**WHAT IS EXPECTED**
A faithful copy without images is required: write out all the records exactly.

**DATA SHOWN**
>>

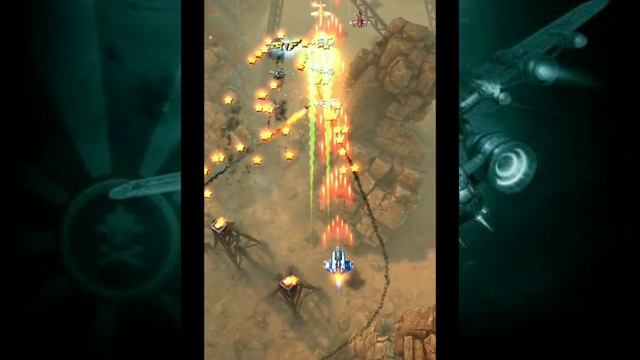 SKY FORCE RELOADED MOD LATEST VERSION & TUTORIAL HOW TO INSTALL смотреть онлайн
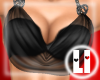 [LI] Luxuria Top GA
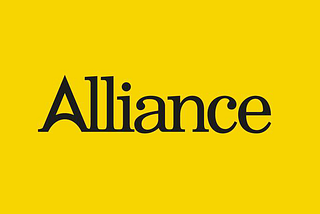 The Alliance Party: The peak and the troughs ahead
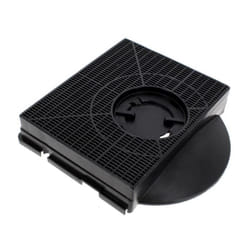 Güde - gde - Filtre à charbon type303 pour Hotte 484000008581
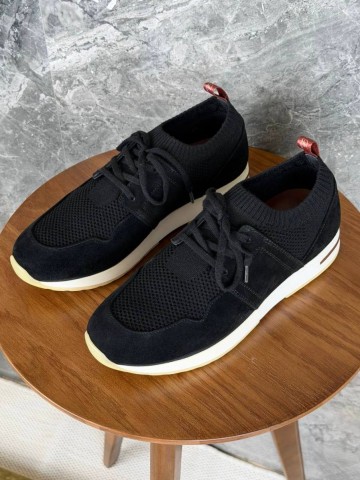 Loro Piana кроссовки #543681TQ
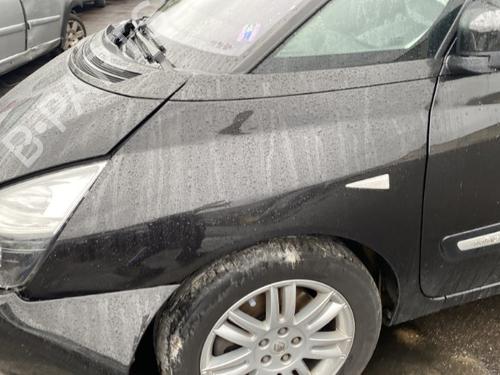 Air vent RENAULT ESPACE IV (JK0/1_) 2.0 dCi (JK01, JK02, JK1J, JK1K, JK1H) | BP25531020I21 - Image 6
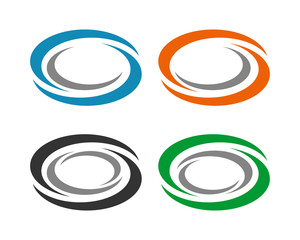 sc cs so os swirl logo © afjahiza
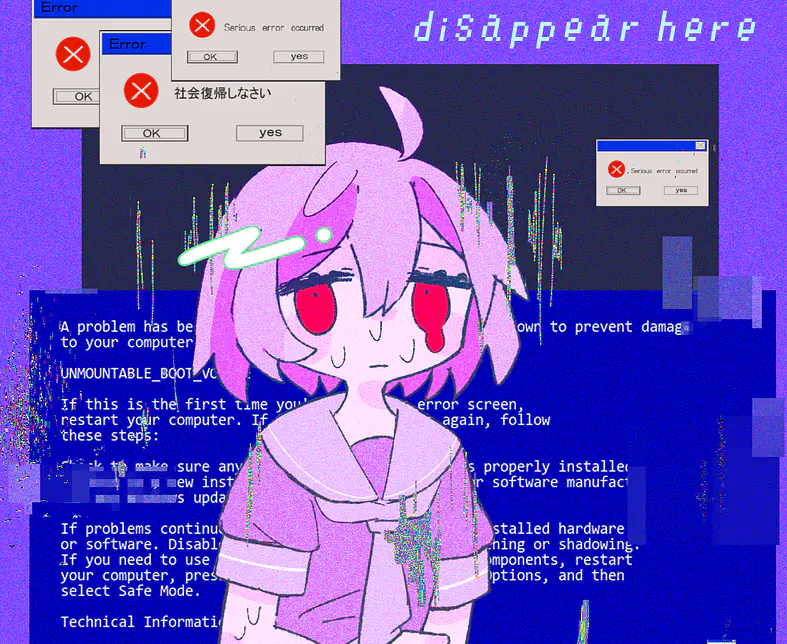 IMG_4241.png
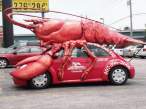 Lobster.jpg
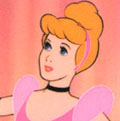 Cindarella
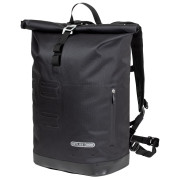 Batoh Ortlieb Commuter-Daypack 27L čierna Black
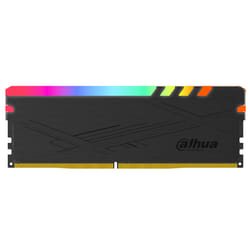 Dahua Technology DDR-C600URG32G36D module de mémoire 32 Go 2 x 16 Go DDR4 3600 MHz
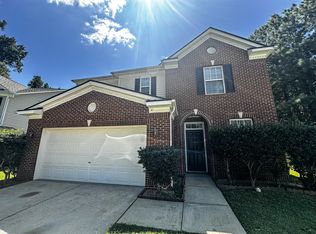 136 Smart Ct, Clayton, NC 27520
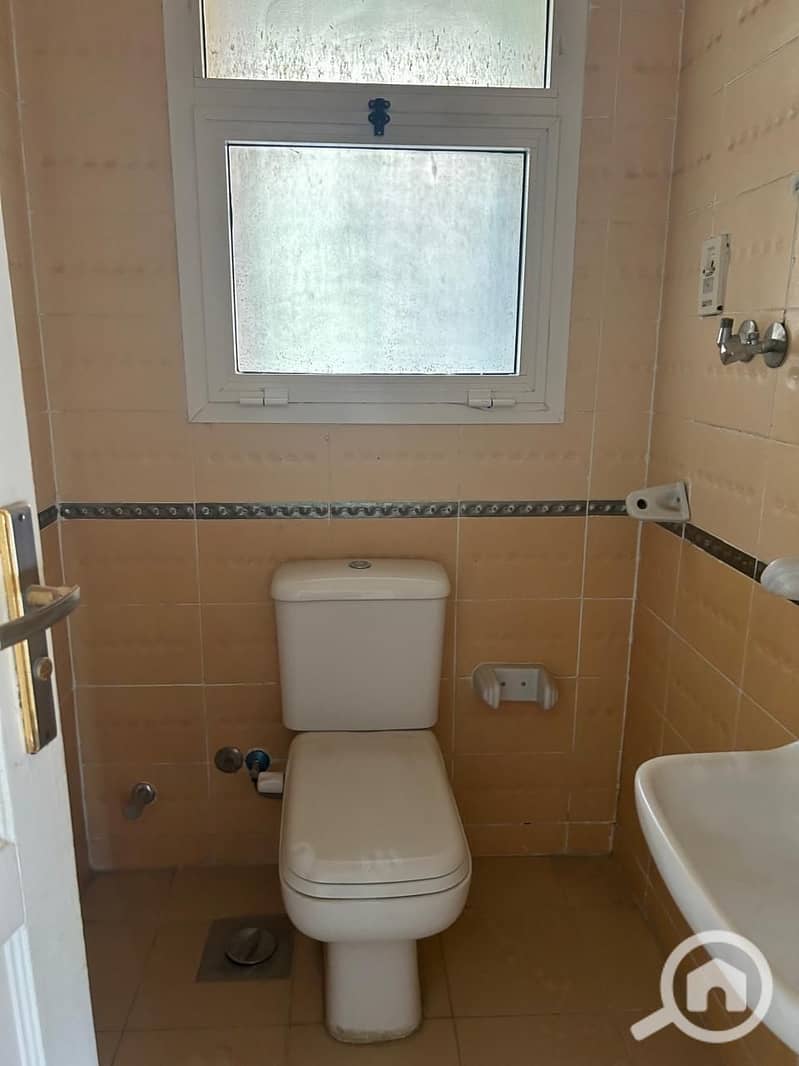 4 WhatsApp Image 2026-01-20 at 6.44. 52 PM. jpeg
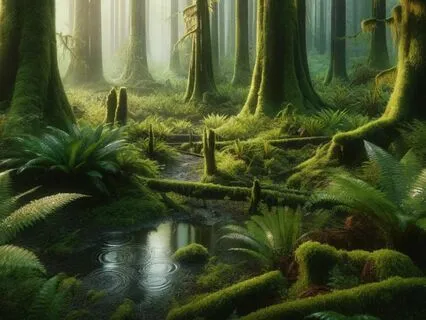 Find Balance: Grounding With Alternate Nostril Breath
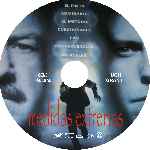 miniatura medidas-extremas-1996-custom-por-osguma cover cd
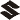 Black S :BS:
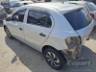2018 VOLKSWAGEN GOL 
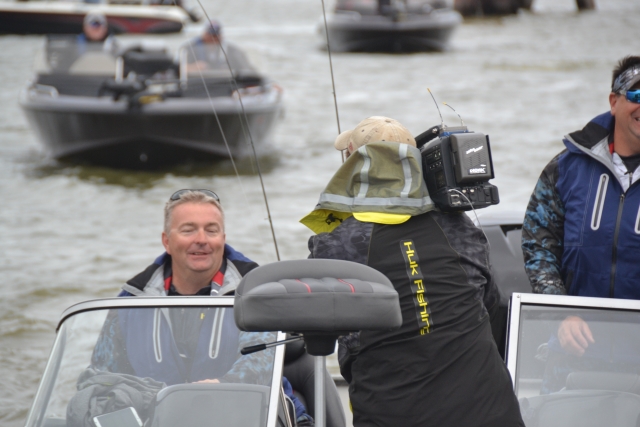 02ECA143-E2D3-4194-B6EC-51905B10C863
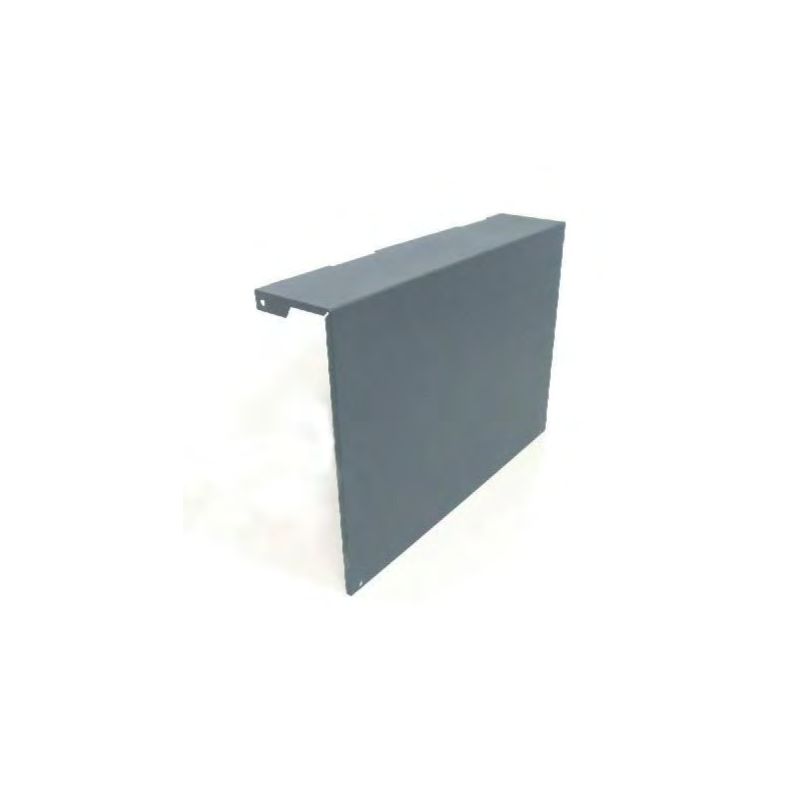 B-EX4T2 SIDE PANEL (L) ASSY B-EX4T2 SIDE PANEL (L) ASSY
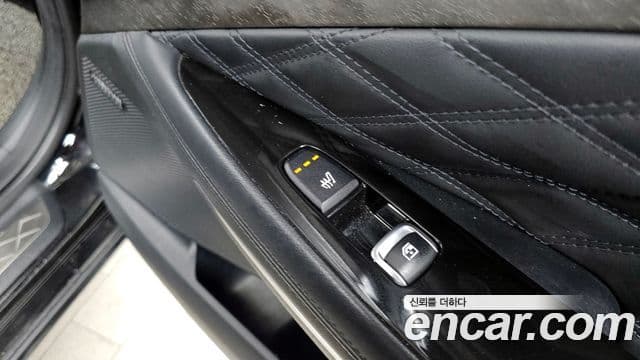 Kia K8 гибрид Signature, 2022 19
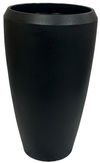 Noir mat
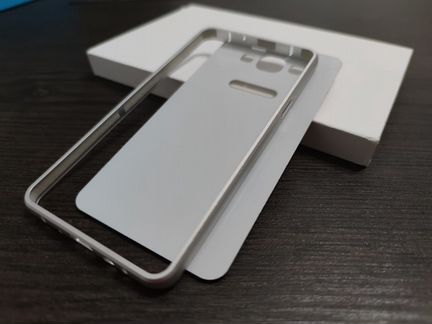 Защитный чехол для Samsung Galaxy A5 (2015)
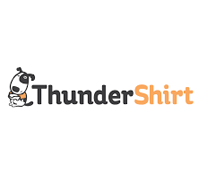 ThunderShirt
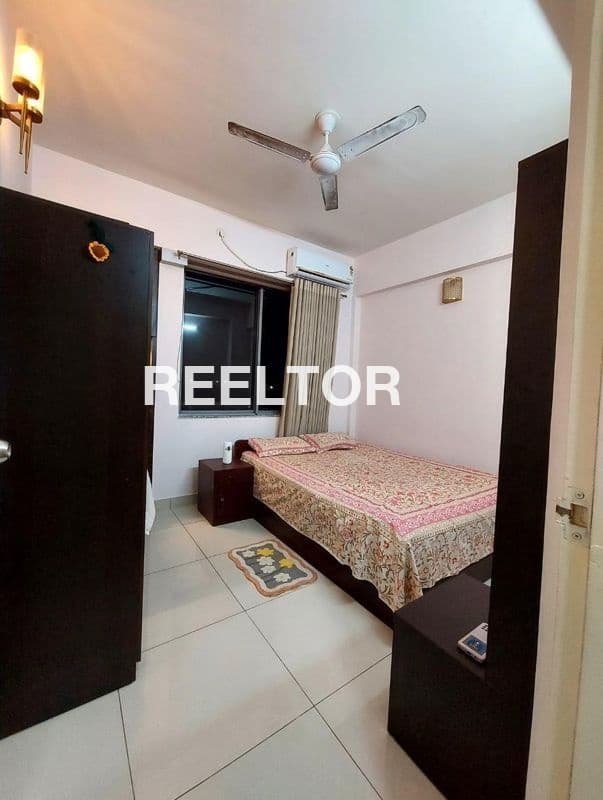 Image of Generous 1100 sqft 2 BHK Flat in Bail Bamian, Fatehabad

<<

**ANSWER BELOW**
 SKY FORCE RELOADED MOD LATEST VERSION & TUTORIAL HOW TO INSTALL смотреть онлайн
 [LI] Luxuria Top GA
 The Alliance Party: The peak and the troughs ahead
 Güde - gde - Filtre à charbon type303 pour Hotte 484000008581
 Loro Piana кроссовки #543681TQ
 Air vent RENAULT ESPACE IV (JK0/1_) 2.0 dCi (JK01, JK02, JK1J, JK1K, JK1H) | BP25531020I21 - Image 6
 sc cs so os swirl logo © afjahiza
 IMG_4241.png
 Lobster.jpg
 Cindarella
 Batoh Ortlieb Commuter-Daypack 27L čierna Black
 Dahua Technology DDR-C600URG32G36D module de mémoire 32 Go 2 x 16 Go DDR4 3600 MHz
 136 Smart Ct, Clayton, NC 27520
 4 WhatsApp Image 2026-01-20 at 6.44. 52 PM. jpeg
 Find Balance: Grounding With Alternate Nostril Breath
 miniatura medidas-extremas-1996-custom-por-osguma cover cd
 Black S :BS:
2018 VOLKSWAGEN GOL 
 02ECA143-E2D3-4194-B6EC-51905B10C863
 B-EX4T2 SIDE PANEL (L) ASSY B-EX4T2 SIDE PANEL (L) ASSY
 Kia K8 гибрид Signature, 2022 19
 Noir mat
 Защитный чехол для Samsung Galaxy A5 (2015)
 ThunderShirt
 Image of Generous 1100 sqft 2 BHK Flat in Bail Bamian, Fatehabad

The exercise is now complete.